Posted: December 4th, 2022
You have been hired as a development testing specialist with a company that performs automotive testing. You have been given a log file that was the result of a recent test and you have been asked to write a program that can both parse and consolidate information in the log file. Even though we have asked our testing team to keep the log file free of any modification, testers have still written comments into the log file itself for future reference. We need your solution to be able to handle this data as well as any other discrepancies that may exist in this log file, or future log files that we use your program to parse.
The log file consists of individual messages that are either being sent to the target or being received from the target. It is a requirement that the target responds within a certain timeframe in order to pass our tests. In other words, if an instrumentation attempt isn’t immediately followed by a response, a Denial of Service (DoS) failure is present. The way the DoS time is calculated is by taking the difference between the time that the original request was sent and when the target responded.
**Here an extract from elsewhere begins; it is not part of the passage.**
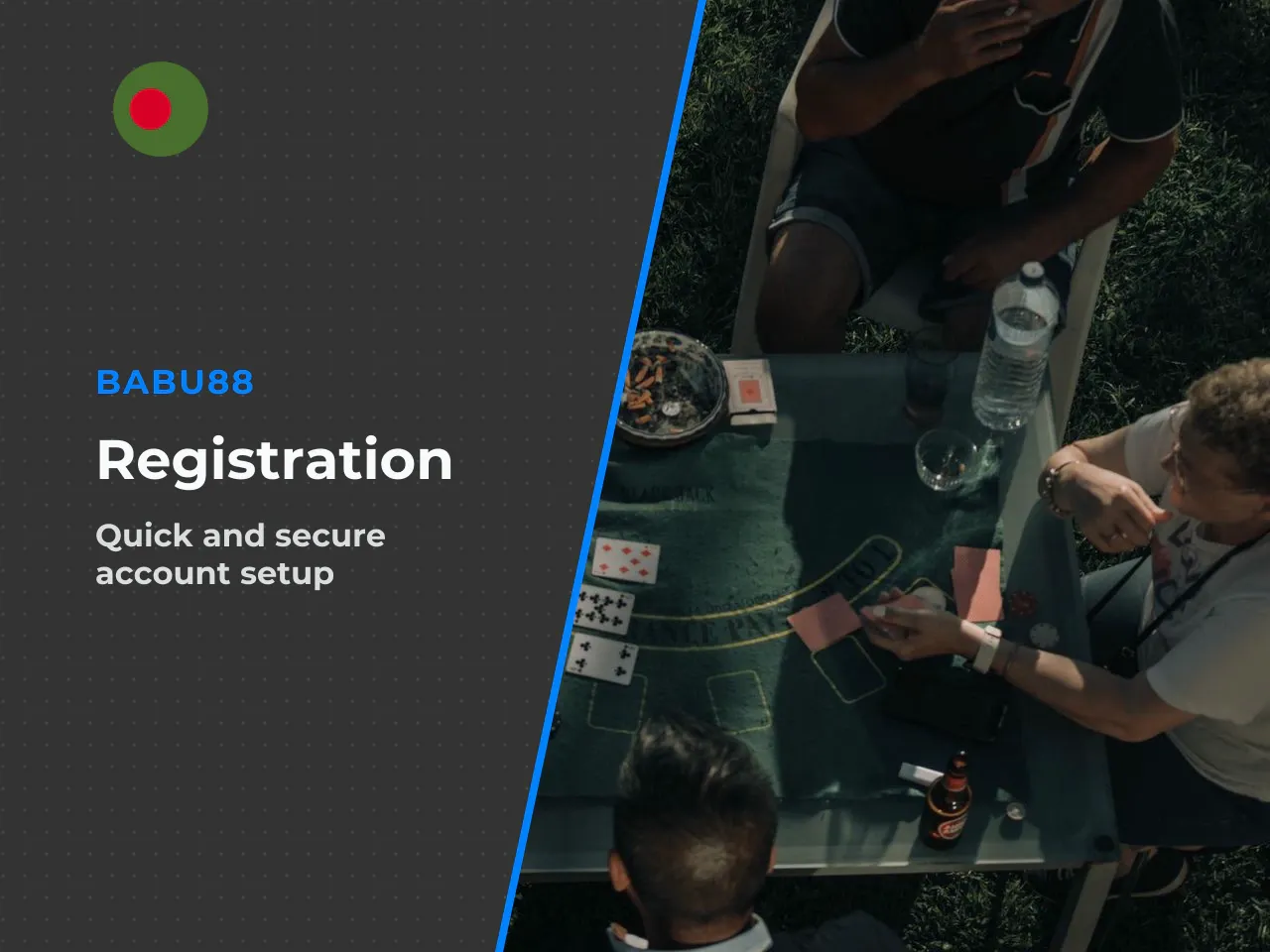 Getting started on Babu88 takes about three minutes. But the real question isn't speed — it's whether you're choosing the right path. A regular betting and casino account? An affiliate sign up? The tw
Some examples from the log are shown below for verification.
Test case #5 – DoS time is 0:00:20.414
Test case #415 – DoS time is 0:00:20.405
Test case #1395 – DoS time is 0:00:06:070
The final product should be able to calculate the DoS time for every failed test case in the log, while handling any inconsistencies in the log itself. We will consider any DoS time that is within 100ms of the verified time an accurate result (refer to the example above for good verification times). Also, please think about how your program will output the results of the parsed log file and whether or not this is a persistent solution (i.e. outputting results to the console session within the program would not be a good way to record these results for later). The output portion of the assignment is purposely left open-ended.
· Must be written in a modern programming language of your choice (Python, Java, C# are some examples).
· Thorough testing of your code is highly recommended. We are looking for a very robust solution that has been tested thoroughly. Scripting acceptance tests to automate this verification process is encouraged, and unit testing of code is also welcome.
· Make sure your coded solution is clean and modular. Ask yourself: will someone else be able to read and understand the code that I write? Could my program be used over and over again, or be reused for another similar purpose?
· The final product should be defect-free, and you should be able to prove that with recorded results from your testing.
· DO NOT RUSH. In our opinion, a well thought-out and constructed program that has been thoroughly tested, but is not fully complete is better than a complete program that is overly complex or full of errors.